Cette marche a commencé juste en face de l'endroit où, il y a quelques mois, un migrant algérien naturalisé a poignardé des enfants et la personne qui s'occupait d'eux. L'immigration est-elle devenue l'une des préoccupations et des inquiétudes de la population irlandaise ? Comment expliquer cette évolution ?

Une récente enquête menée par l’institut Ipsos établit en effet que l’Irlande figure désormais parmi les pays les plus inquiets du monde au sujet de l’immigration, et 6 électeurs irlandais sur 10 se déclarent en faveur d’une politique « plus restrictive » en matière d’immigration.

L’accélération fulgurante et le changement d’origine géographique des flux migratoires expliquent largement cette évolution. Le sujet de l’immigration se trouve désormais associé à ceux de la « diversité culturelle », de la délinquance et de la criminalité.

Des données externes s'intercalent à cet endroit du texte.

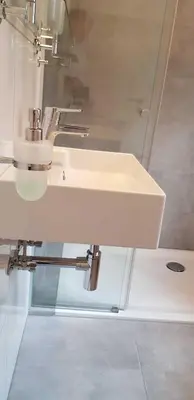Ein Badezimmer in der Unterkunft Ferienwohnung Dorn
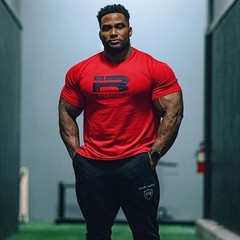 Men’s Sport Workout Gym Oversized T-Shirt Graphic Printed Cotton Streetwear Top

Dans un pays qui a longtemps compté parmi les plus homogènes d’Europe, le choc ne peut être que brutal.

Par ailleurs, l’ampleur de ces flux joue un rôle d’aggravation dans la crise du logement qui frappe durement les ménages natifs du pays, rendant l’immobilier de moins en moins accessible. Cette réalité nourrit puissamment les colères relatives à l’immigration en Irlande, avec des manifestations remarquées contre l’installation de centres d’hébergement.

Des partis politiques en Irlande tentent-ils d'apporter des réponses face à la colère et la demande de la population en matière d'immigration ?

Les deux grands partis qui structurent la vie politique irlandaise depuis l’indépendance et la guerre civile des années 1920, le Fianna Fail et le Fine Gael, apparaissent dépassés par les évènements, et ce d’autant plus qu’ils exercent actuellement le pouvoir ensemble dans le cadre d’un gouvernement de coalition. Le Sinn Fein, force en pleine ascension depuis plusieurs années (issue du combat pour la réunification de l’île mais capitalisant surtout sur le mécontentement social), tient quant à lui un discours « d’ouverture » sur ce thème qui risque de lui coûter au plan électoral.

L’absence d’un mouvement politique favorable à une réduction significative des flux migratoires en Irlande constitue aujourd’hui une exception en Europe de l’Ouest. Ce décalage entre « l’offre électorale » déjà installée et les aspirations de reprise en main formulées par l’opinion irlandaise paraît rendre probable l’émergence prochaine d’un parti de ce type.